DurhamARC / classroom-abm

Agent-based modelling for a classroom
MIT License
2 stars 2 forks source link

Restarting parameterisation tests from the previously saved LHS parameter set searches through parameter ranges of the initial sizes again #152

Closed parnumeric closed 2 years ago

parnumeric commented 2 years ago

$PARAMETER_FILE is a CSV file used as a starting point for parameterisation tests from $SCRIPT_DIR/reframe_parameterisation_infrastructure/reframe_tests (as described in https://github.com/DurhamARC/classroom-abm/blob/master/hamilton/README.md#deploying-automated-parameterisation-tests-via-reframe). Parameterisation tests are executed by the parameterisation.sh script in that directory. Every iteration of tests yields the new set of LHS parameters which is saved in next_lhs_params_$START_DATETIME.csv, from which the next iteration starts. The issue is when we resume and continue the parameterisation tests from where the previous runs stopped, the range where every parameter is searched has again the initial size which is narrowed down with every iteration. This range of search (the lower and upper bounds) is determined in hamilton/parameter_analysis/automation.py by the iteration number (which always begins with 0 when the simulation is restarted). It would be interesting to resume/continue from the search range already narrowed down by previous runs and not from the initial range again.
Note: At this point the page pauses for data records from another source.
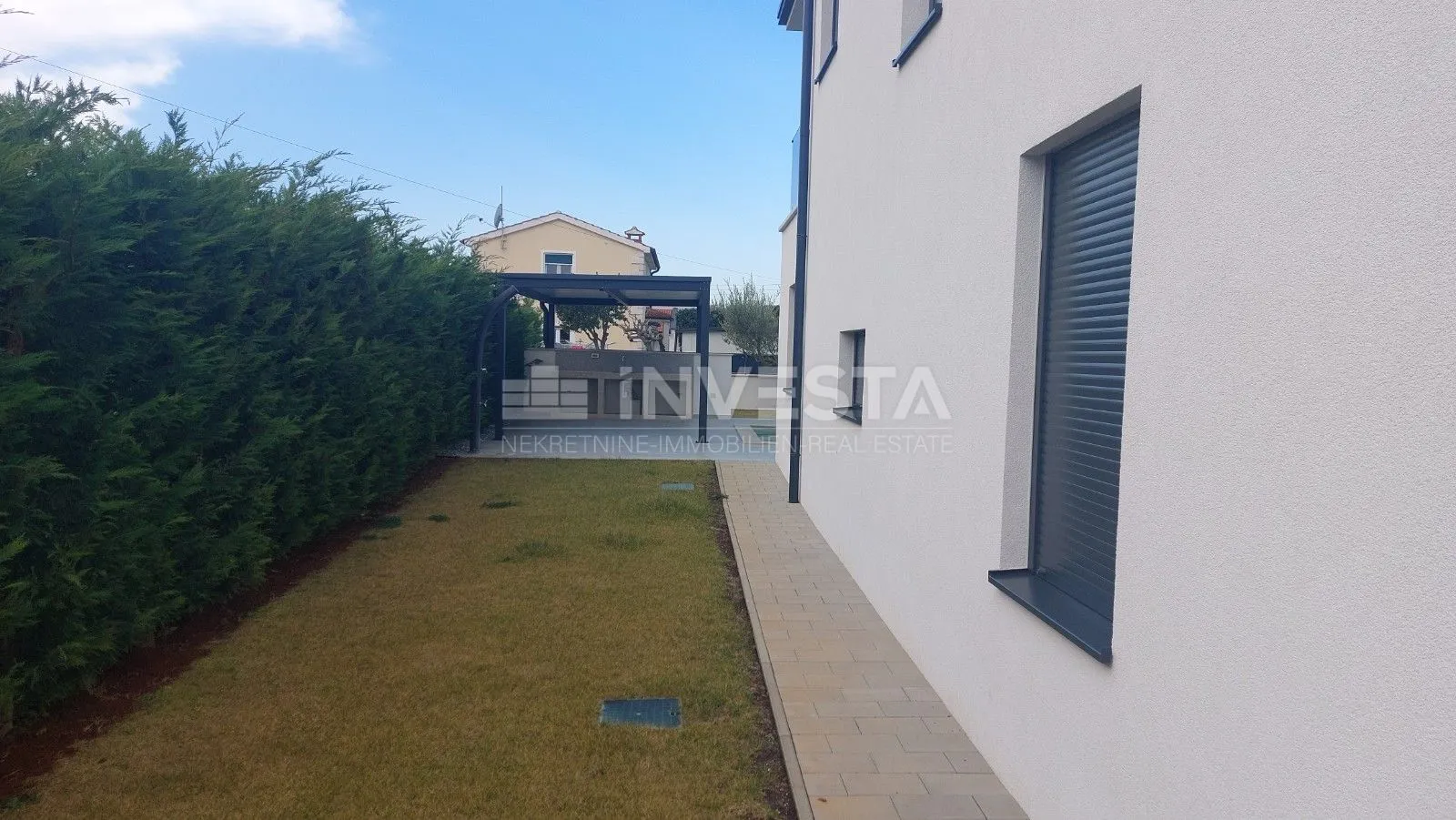 moderna vila u okolici poreča s pogledom na more - slika 44
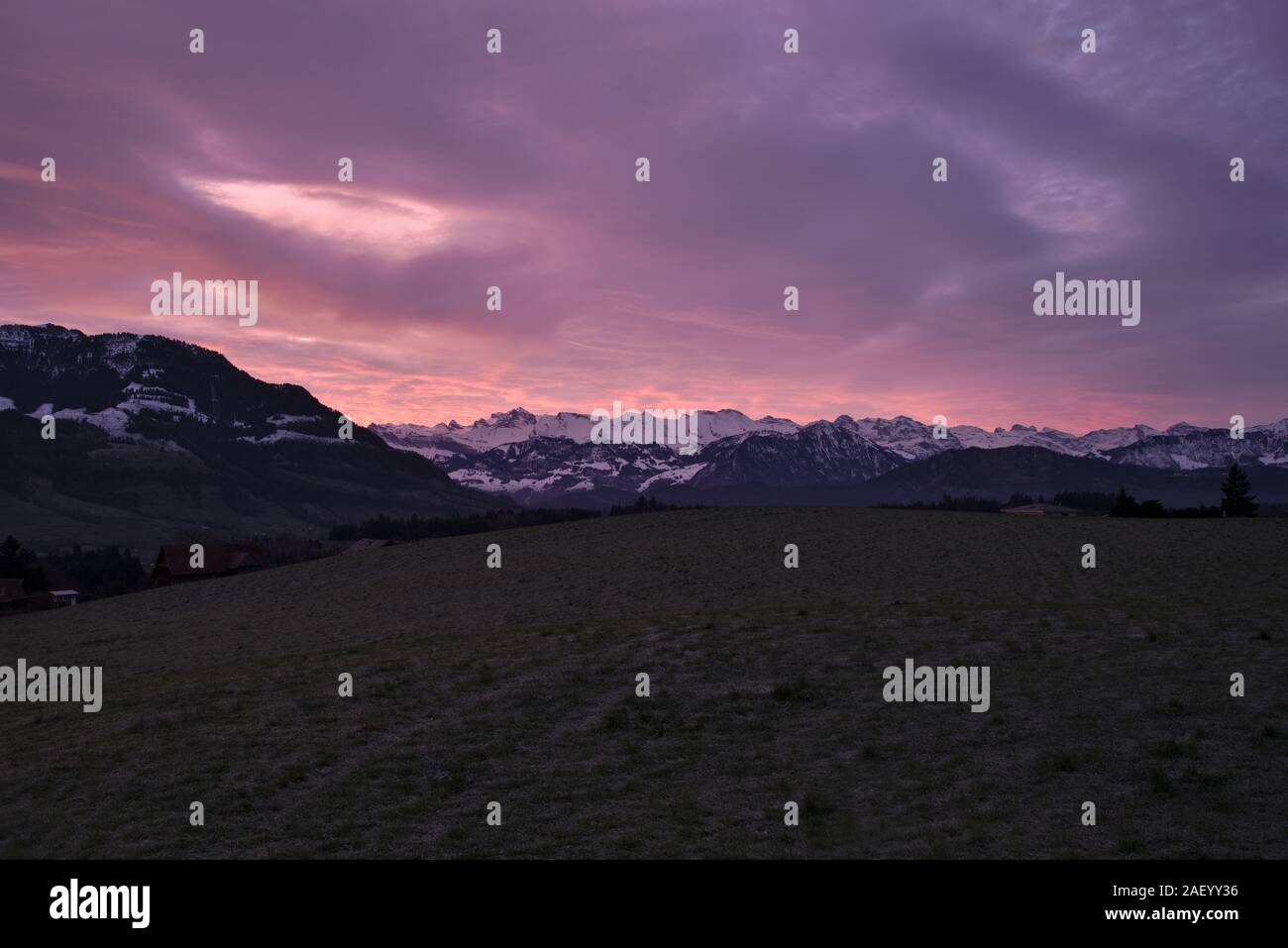 Alpes Suisses près de Lucerne, Suisse, couvertes de neige pendant un beau lever de soleil avec le ciel en feu. Banque D'Images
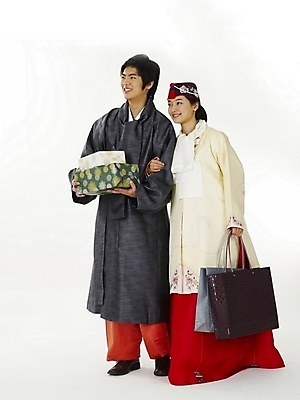 포토 JPG 스튜디오촬영 전신 한국전통 전통 커플 여학생 여자 명절 남자 남학생 포즈 가방 청소년 고등학생 선물 누끼 사람 두명 10대 친구 선물상자 쇼핑백 한국인 전통의상 한복 십대만 국내포토 학생 잡화 기념일 관계 한국 실내 동양인 상자 파일형식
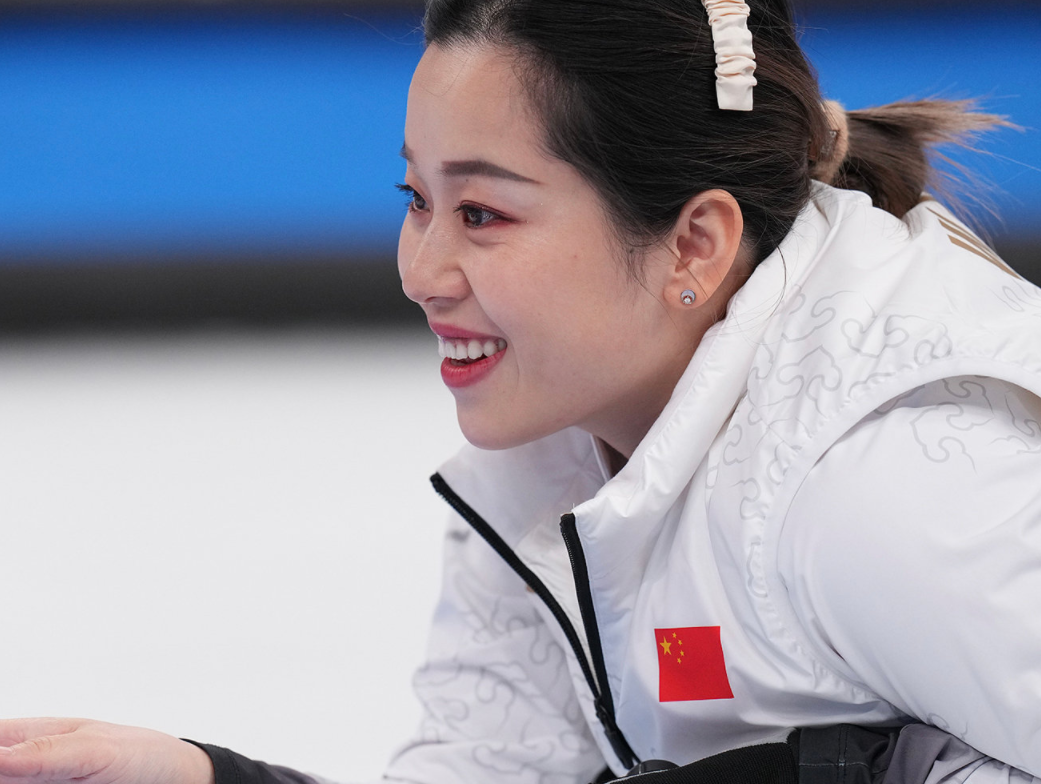 王芮超高准度打服众人,全队处巅峰|冰壶|韩国|后手_新浪新闻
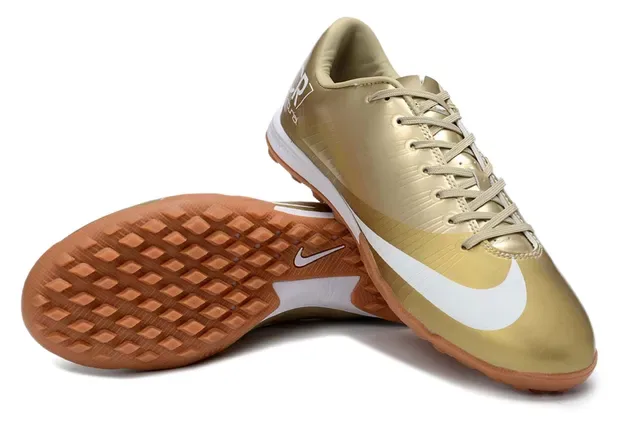 Nike Mercurial CR7 Chaussures de football Turf doré blanc 4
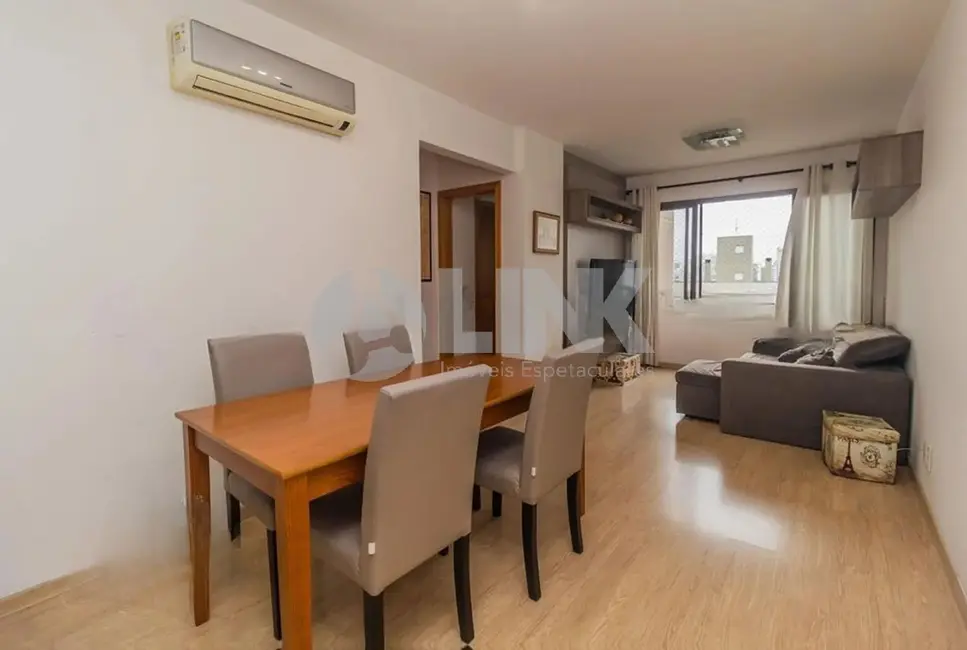 Apartamento com 2 quartos à venda, 67m2 em Passo da Areia, Porto Alegre - RS - imagem 1 Foto 1 de Apartamento com 2 quartos à venda, 67m2 em Passo da Areia, Porto Alegre - RS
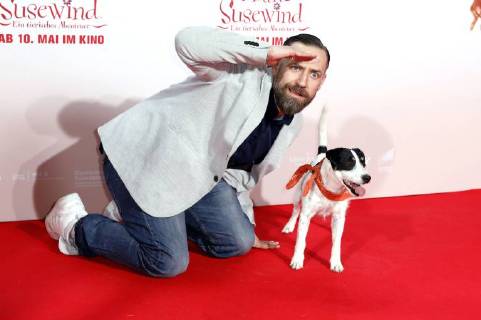 Citizen Lars Dietrich with film dog Bonsai at the premiere of the movie Liliane Susewind An animal adventure in the Cinedom Cologne 06 05 2018 Foto:xC.xHardtx xFuturexImage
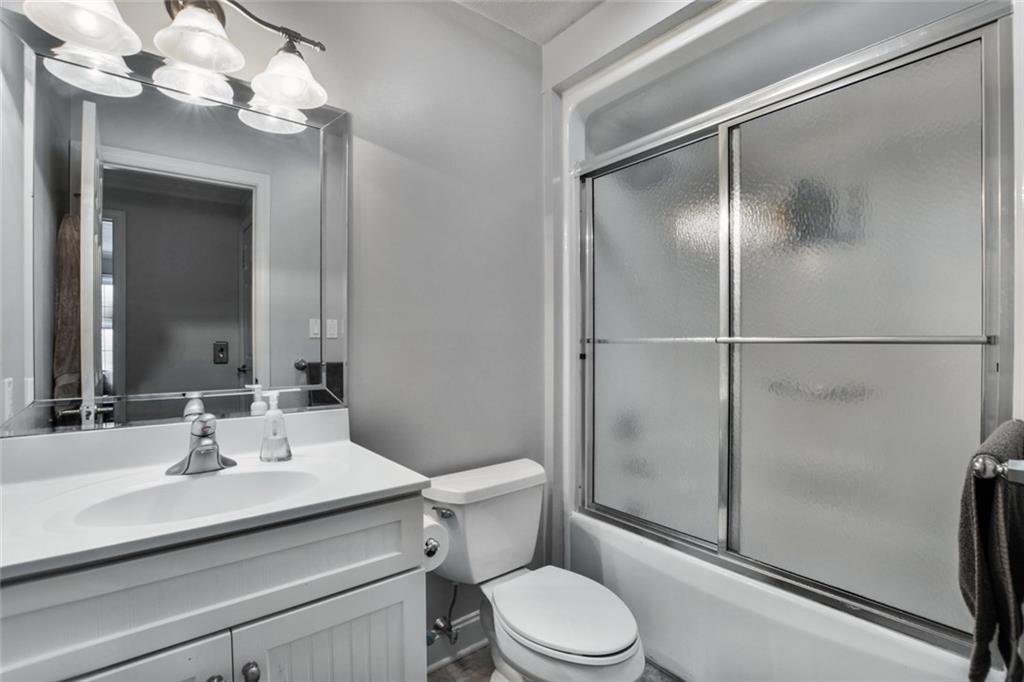 85 Shenot Road Wexford, PA 15090 - Photo 20 of 25 Gallery Image 20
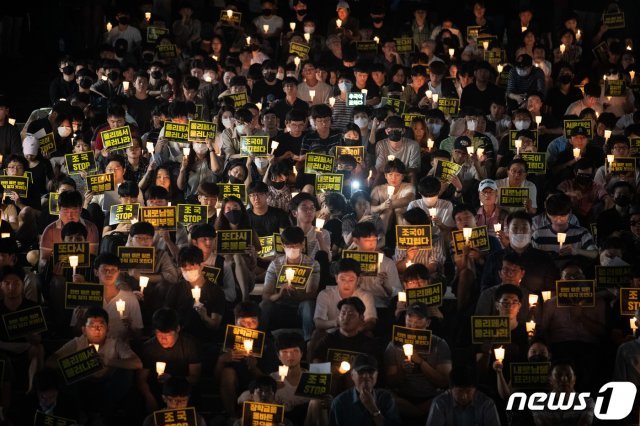 서울대학교 학생들이 지난달 28일 저녁 서울대학교 아크로계단에서 ‘제2차 조국 교수 STOP! 서울대인 촛불집회’를 열고 조국 법무부 장관 후보자의 사퇴를 촉구하고 있다. © News1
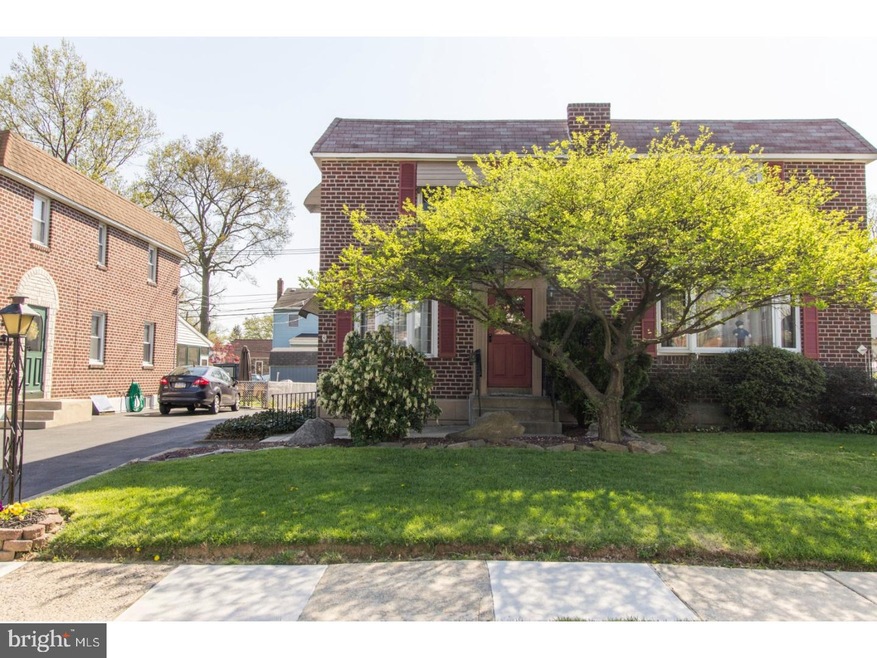 213 Evergreen Ave, Folsom, PA 19033 - photo 1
parnumeric commented 2 years ago

After a quick implementation and testing it, it has been revealed it wouldn't be desirable (to continue narrowing down the ranges for search). The reason can be demonstrated by a resulting plot mean_correlations.png. Ranges for some parameters are narrowed down so strongly that there is no more variation in them, which can be seen by vertical patterns for them (see, for example, maths_ticks_sd). means_correlations

parnumeric commented 2 years ago

The recommendation is to run parameterisation tests for as many iterations as needed. Restarting/resuming those simulations from a previously saved parameter set means restarting search for parameters within ranges of initial sizes again (as hardcoded in automation.py (see CUSTOM_LIMITS)), from already not random values in the beginning, but from some resulting values from the previous search (presumingly, better than random ones).